On Wed, 16 Nov 2005 13:48:12 -0500, "Clark C. Evans" <cce at clarkevans.com> wrote:

>We had a chat on IRC today, and a few random notes/ideas emerged:
>  a) There was a strong preference to keep Session and Authentication
>     completely separate.  Currently Nevow's Guard mixes the two and
>     thus is overly complicated and non-modular.  Nevow also uses
>     Componentized, which is depreciated (in favor of... ?)
>     http://divmod.org/trac/browser/trunk/Nevow/nevow/guard.py
>     http://divmod.org/trac/browser/import/Nevow/sandbox/mg/guarded/guard.py

I'm not sure what "completely separate" means in this context.  I don't think I agree, although I'm not sure about the specifics of the implementation.  I do think that there should be no public session-management API divorced from authentication though.

The use of getSession() is a mistake in every single case where it's used, except those in guard itself.  What resource you're viewing should implicitly represent what session you are talking to.  The whole idea of a session is entirely internal state that should not be exposed to the user.  What it amounts to is a rewrite of Python's argument-passing convention, used to pass stuff in an implicit, out-of-band way that's hard to document and impossible to test for.  All the discussion of Componentized and Context and all these other objects that are pretty much just different names for a free-form dictionary are indications that session-management == encapsulation violation, if it's exposed to the user.

Every session is associated with a user.  The representation of the session is the top of the resource tree.  If you need to persist information about the session, your resource tree should be pointed at a persistence system of some kind.  Perhaps the session manager should have better/more explicit support for simultaneous distinct sessions; in the case of anonymous sessions that would certainly be helpful.

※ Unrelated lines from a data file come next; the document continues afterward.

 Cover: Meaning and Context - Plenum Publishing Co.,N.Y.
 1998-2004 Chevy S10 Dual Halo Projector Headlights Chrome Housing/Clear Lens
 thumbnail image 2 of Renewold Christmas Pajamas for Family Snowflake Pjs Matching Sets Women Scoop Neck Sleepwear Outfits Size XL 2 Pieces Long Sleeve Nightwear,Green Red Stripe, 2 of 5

As JP stipulated, this all *must* go through cred.  A separate session interface is unacceptable.  It is already hard enough managing the insanity of HTTP in a multi-protocol server.

I am aware that this is not how "most" appservers do things.  However, "most" appservers also spawn hundreds of threads, and operate by putting conditional structures in a special-purpose scripting language into templates.  Add "exposed session interface" to the list of common design mistakes :).

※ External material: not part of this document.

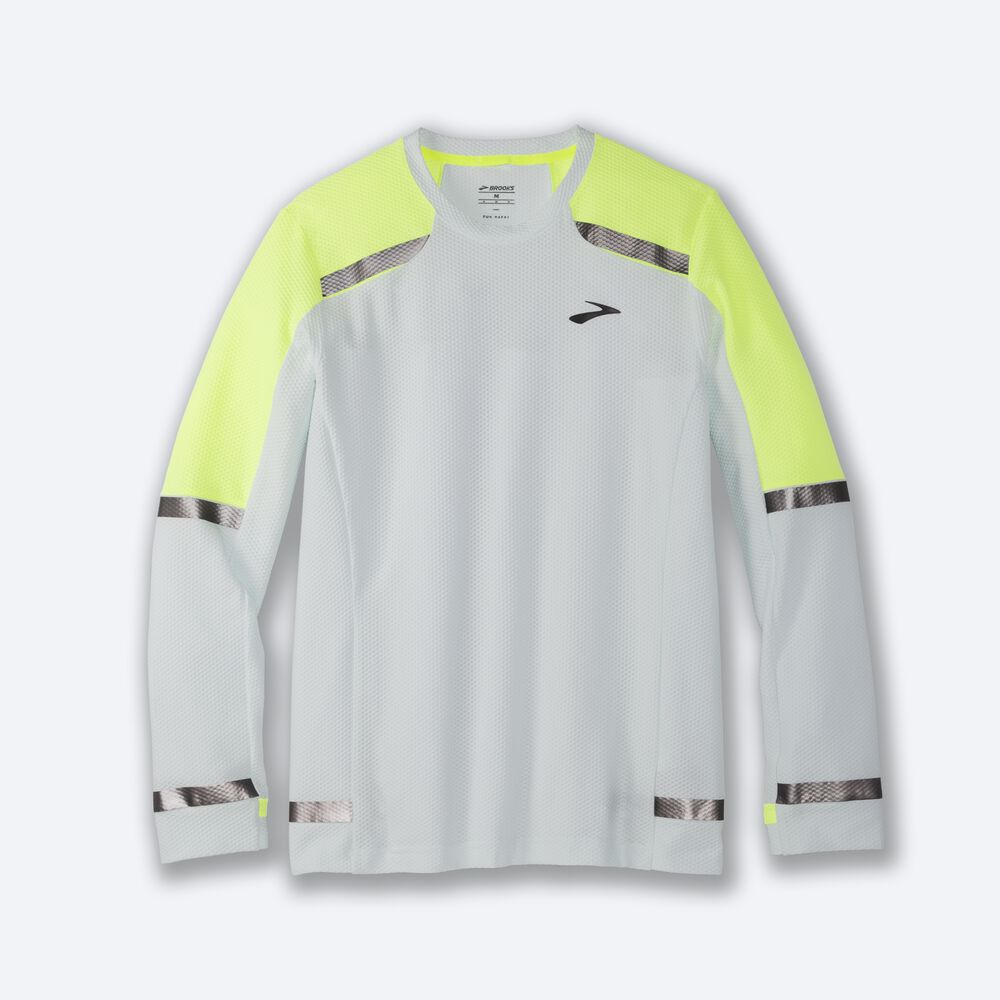 Brooks Carbonite Long Sleeve Erkek Tişört Gri | TR-150874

All that said, I don't think that your requirements are wrong, and I do think that the implementation specifics of the Nevow session initiation implementation are pretty bad, and they are mostly my fault.

>  c) Exarkun expressed a strong (ok, mandatory) preference for the
>     use of tw.cred in any Authentication solution.  However, it was
>     noted that tw.cred does not allow for challenge-response
>     authentication mechanisms (which all of mine are).  Specific
>     examples were noted: twisted.protocols.sip, SASL, OTP

Hmm.  How did you get this idea?  Cred's design was specifically to facilitate challenge-response authentication.  That's why login() takes credentials and returns a Deferred.  The assumption is that the credentials object will encapsulate whatever facets of the user's connection are required to do the negotiation process.

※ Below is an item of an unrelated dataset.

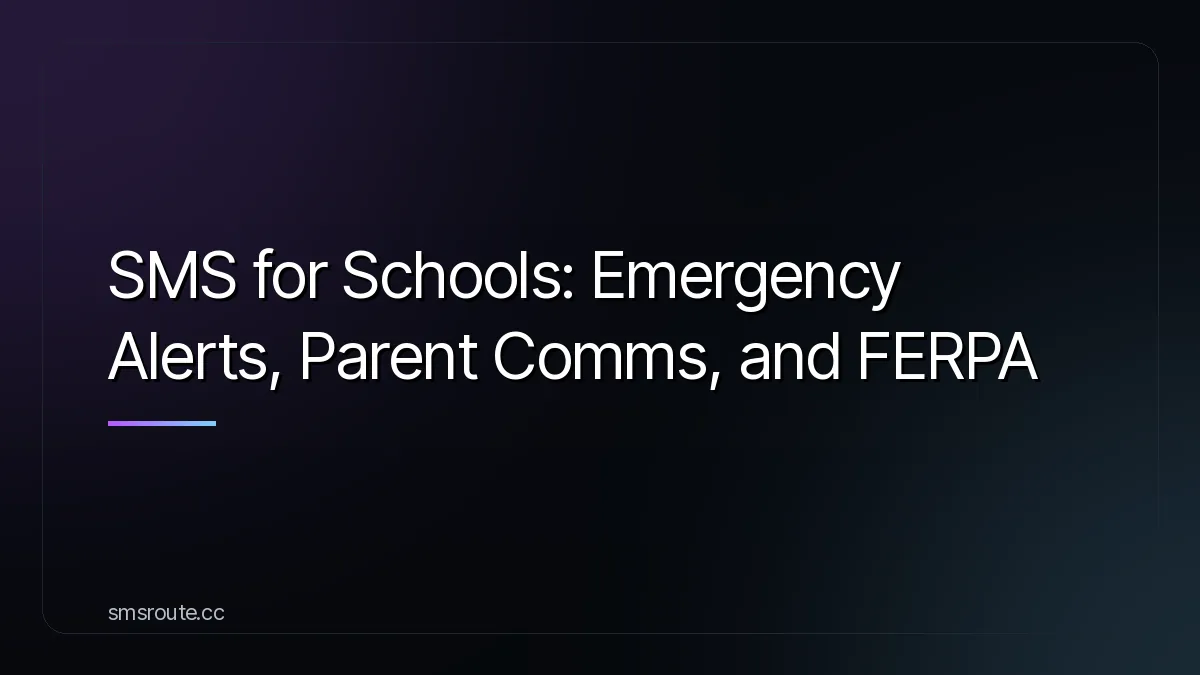 SMS for Schools: Emergency Alerts, Parent Comms, and FERPA — smsroute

Again, this may be a place that Nevow's current session-initialization strategy falls down; IIRC it wouldn't allow for that Deferred to be fired by multiple different web-page hits, since it is a Deferred which is expected to itself return a Resource.  That's a limitation of guard though, not cred.

>  d) There was talk that the Session manager should actually be
>     a filter on the Response object; so that it can rewite paths
>     and/or inject cookies as needed before the response is sent.
>     This seems a bit complicated, no?

Seems so to me.  Then again, the implementation specifics of the session manager are often pretty horrible.  This is another major reason that I think that the API for sessions should be kept as far away from the user as possible.

>  e) I can probalby help in some ways, but I'm not a Twisted expert.
>     I could continue to collect requirements and post; but I have
>     short term deadlines (as usual).  If you wish I could put two
>     files in twisted.web2, marked 'experimental':
>        session.py    This would contain session manager, how ever
>                      it is eventually implemented.
>        guard.py      This would contain the gule to link tw.cred
>                      to web2.

web2 is itself experimental, and you are taking a risk by doing work with short-term deadlines on something unfinished.  Keep in mind that if these files are determined to be a bad idea later, they may be removed without warning and without regard for your project or deadlines.  You may want to work in a branch to provide yourself (and your employer) with some guarantee of stability.